Playing around with the LakeFS API using the Java ...
# help
g
Playing around with the LakeFS API using the Java client, I started by running the sample on Getting Started, but I'm having some issues
Expected URL scheme 'http' or 'https' but no scheme was found for /api/v...
this is so far my code
Copy code
val defaultClient = Configuration.getDefaultApiClient()
            defaultClient.setBasePath("/api/v1")

            // Configure HTTP basic authorization: basic_auth
            val basic_auth = defaultClient.getAuthentication("basic_auth") as HttpBasicAuth
            basic_auth.username = "AKIAIOSFOLQUICKSTART"
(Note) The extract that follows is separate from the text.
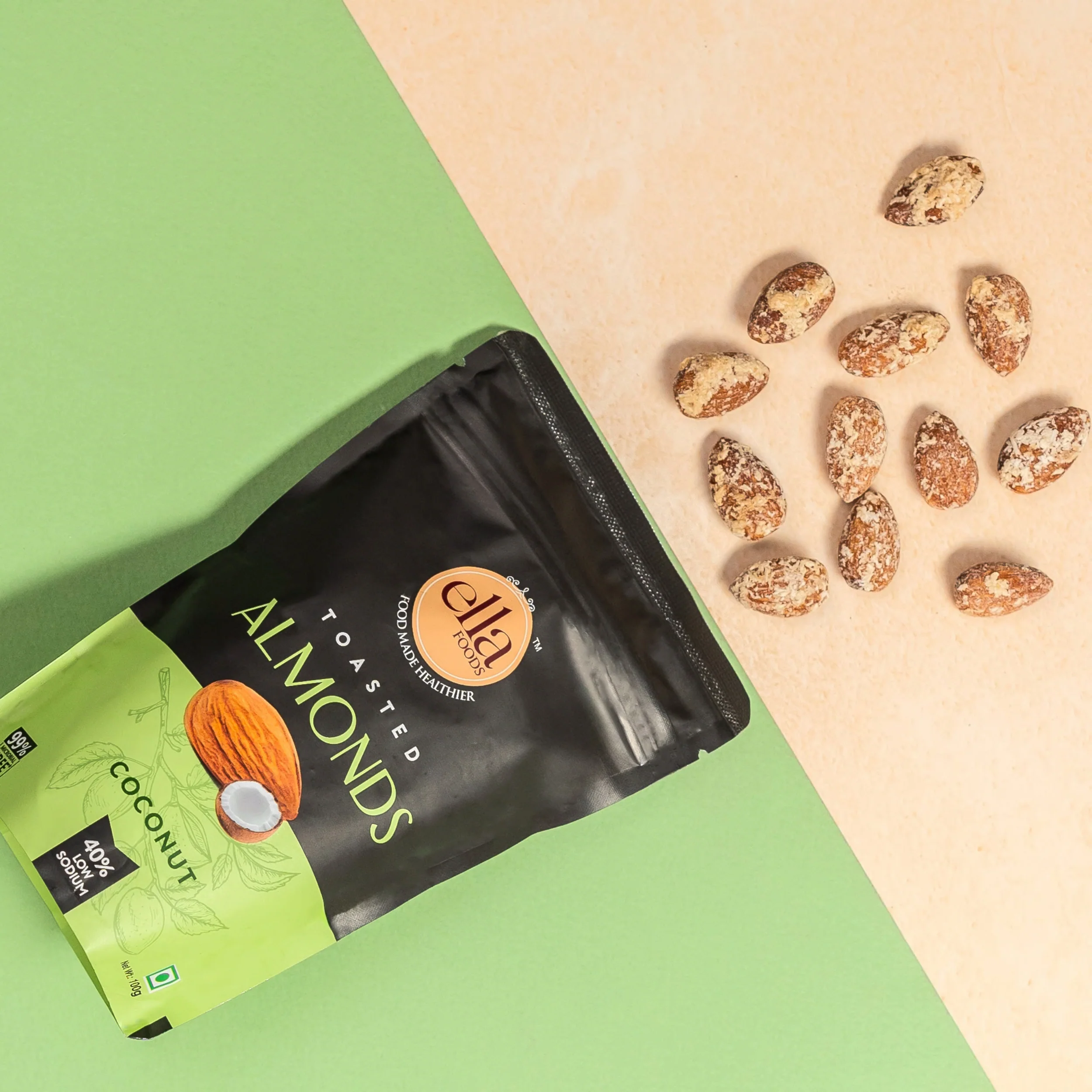 Ella Foods Healthy Nuts Combo (Pack of 5 x 100g) | Salted Almonds, Salted Cashews, Chilli Lime Cashews, Peri Peri Almonds & Coconut Toasted Almonds | Roasted Nut Snacks | 40% Low Sodium - Image 5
            basic_auth.password = "wJalrXUtnFEMI/K7MDENG/bPxRfiCYEXAMPLEKEY"

            val apiInstance = ActionsApi(defaultClient)
            val repository = "quickstart"
            val runId = "runId_example"
            try {
                val result = apiInstance.getRun(repository, runId)
                    .execute()
                println(result)
            } catch (e: ApiException) {
                System.err.println("Exception when calling ActionsApi#getRun")
                System.err.println("Status code: " + e.code)
                System.err.println("Reason: " + e.responseBody)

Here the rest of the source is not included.